PROMPT: Search the listing below for the line containing "Quang cảnh Tọa". From there through the line containing "Elegant Decor Helios", transcribe every line exactly, both ends included.

DATA SECTION:

- - - - -

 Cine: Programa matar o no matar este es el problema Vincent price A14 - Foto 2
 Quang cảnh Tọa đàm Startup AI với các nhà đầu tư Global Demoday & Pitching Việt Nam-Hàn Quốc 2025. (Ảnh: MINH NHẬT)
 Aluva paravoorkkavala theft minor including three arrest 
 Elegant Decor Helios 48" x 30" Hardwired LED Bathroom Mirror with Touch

- - - - -

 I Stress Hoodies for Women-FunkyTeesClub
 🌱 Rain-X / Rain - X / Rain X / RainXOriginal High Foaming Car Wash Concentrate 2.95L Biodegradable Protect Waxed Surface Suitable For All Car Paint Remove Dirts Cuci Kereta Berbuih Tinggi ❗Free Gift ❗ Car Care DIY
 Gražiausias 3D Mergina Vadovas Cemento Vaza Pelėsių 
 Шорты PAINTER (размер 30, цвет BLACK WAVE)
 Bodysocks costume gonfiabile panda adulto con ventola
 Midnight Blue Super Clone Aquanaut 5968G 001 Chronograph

- - - - -

YOUR RESPONSE:
 Quang cảnh Tọa đàm Startup AI với các nhà đầu tư Global Demoday & Pitching Việt Nam-Hàn Quốc 2025. (Ảnh: MINH NHẬT)
 Aluva paravoorkkavala theft minor including three arrest 
 Elegant Decor Helios 48" x 30" Hardwired LED Bathroom Mirror with Touch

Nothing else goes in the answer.